Input:

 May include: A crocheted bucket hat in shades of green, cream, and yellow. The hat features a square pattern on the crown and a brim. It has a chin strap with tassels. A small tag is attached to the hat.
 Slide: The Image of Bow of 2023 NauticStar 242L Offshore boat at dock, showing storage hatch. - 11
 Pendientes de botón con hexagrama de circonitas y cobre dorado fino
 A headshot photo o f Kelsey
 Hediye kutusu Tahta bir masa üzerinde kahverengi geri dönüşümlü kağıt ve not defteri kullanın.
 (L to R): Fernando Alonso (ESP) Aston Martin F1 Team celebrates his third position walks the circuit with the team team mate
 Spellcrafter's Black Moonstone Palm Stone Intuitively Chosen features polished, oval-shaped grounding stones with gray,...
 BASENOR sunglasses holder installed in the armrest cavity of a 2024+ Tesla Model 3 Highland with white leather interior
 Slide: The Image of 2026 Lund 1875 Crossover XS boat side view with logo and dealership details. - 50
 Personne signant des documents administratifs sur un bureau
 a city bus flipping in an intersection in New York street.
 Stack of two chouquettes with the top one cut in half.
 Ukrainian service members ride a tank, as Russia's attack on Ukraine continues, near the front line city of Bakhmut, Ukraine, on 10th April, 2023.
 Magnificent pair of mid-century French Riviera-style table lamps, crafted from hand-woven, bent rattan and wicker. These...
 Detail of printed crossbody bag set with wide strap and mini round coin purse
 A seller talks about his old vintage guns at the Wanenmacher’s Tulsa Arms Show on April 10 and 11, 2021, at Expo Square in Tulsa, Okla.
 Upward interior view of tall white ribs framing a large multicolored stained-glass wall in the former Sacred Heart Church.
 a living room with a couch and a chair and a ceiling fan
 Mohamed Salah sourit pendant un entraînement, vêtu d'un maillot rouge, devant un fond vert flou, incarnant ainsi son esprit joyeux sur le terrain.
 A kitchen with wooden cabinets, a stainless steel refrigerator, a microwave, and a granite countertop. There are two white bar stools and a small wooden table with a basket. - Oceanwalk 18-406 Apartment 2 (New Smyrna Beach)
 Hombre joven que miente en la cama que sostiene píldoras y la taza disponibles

Task to complete:
The first line of the data, the line with "A headshot photo o f Kelsey", and all lines in between are to be copied exactly. Leave out everything else.

Reply to the task:
 May include: A crocheted bucket hat in shades of green, cream, and yellow. The hat features a square pattern on the crown and a brim. It has a chin strap with tassels. A small tag is attached to the hat.
 Slide: The Image of Bow of 2023 NauticStar 242L Offshore boat at dock, showing storage hatch. - 11
 Pendientes de botón con hexagrama de circonitas y cobre dorado fino
 A headshot photo o f Kelsey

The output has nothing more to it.